Steve shrugged. ‘Don’t know. I didn’t want to stop work. Not quite ready to devote myself to the garden yet.’
‘He needs a project,’ Manda said. ‘Something to get stuck into. He’s lost without a purpose in life. House renovation or something.’
‘But your house is beautiful,’ I said. ‘It needs nothing doing to it.’ We were sitting in their dining room, which overlooked the garden. They’d bought the house over twenty years earlier when their daughter Zoe was a baby. Zoe had recently sent Manda into a tailspin by moving to Australia on a two-year work contract. They’d done up their house over the years, turning it from a tired old mess into a beautiful family home.
‘Yes, and I don’t see the point of moving house just to give me something to do,’ Steve said. ‘More wine?’ He topped up everyone’s glasses.
‘Can you get any consultancy work?’ Phil asked. ‘I’ve had a bit, since I got my redundancy package.’ He’d done a few two-week contracts, and a part-time contract that lasted three months.
‘Probably. But it’s not what I want.’
‘What do you want, mate?’ Graham, who we’d always called Gray, asked.
Steve looked out at the rain that streamed down the patio doors. ‘Better weather. Mountains. A ski resort within an hour’s drive. Somewhere I can go fell-running straight from the house. A better lifestyle.’
‘Relocating, then. Where to?’
‘I fancy France,’ Manda said.
‘Yeah, I do, too.’ Phil looked at me, as if to gauge my reaction. First I’d heard of him being interested in living abroad – we’d never talked about anything like that. We went to France or Italy a couple of times every year on holiday – always a winter ski trip (Phil’s favourite) and usually a couple of weeks in the summer exploring the Loire valley, the Ardeches, Tuscany or wherever else took our fancy. Very often these holidays were with the other three people sitting round the table now.
‘France?’ is all I managed to say. An exciting idea, but my life was here in England. Even though there was less to keep me here, since Mum died. I imagined visiting Steve and Manda in France for holidays. That’d be fun.
‘I like Italy,’ said Manda.
‘But we don’t speak Italian,’ Steve pointed out.
‘We could learn …’
‘Where in France?’ Gray interrupted, leaning forward, elbows on the table. I knew that gesture. It meant he was Having An Idea. Gray’s ideas were sometimes inspired, sometimes ridiculous, always crazy.

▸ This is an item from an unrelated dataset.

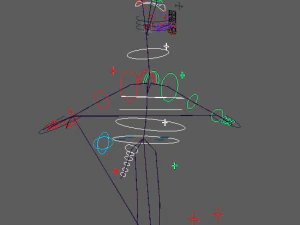 Cartoon Donkey Rigged 3D Model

Steve shrugged. ‘Alpes-Maritimes?’
‘It’s lovely round there,’ I said. Phil and I had had a holiday there a couple of years ago, staying in a gîte in a small village nestled among the Alpine foothills. We’d gone walking in the mountains, taken day trips to the Côte d’Azur, dined on local cheese and wine and all in all, fallen in love with the area.
‘It is lovely,’ Manda agreed. ‘But I’d hate to move somewhere like that and be so far from everyone.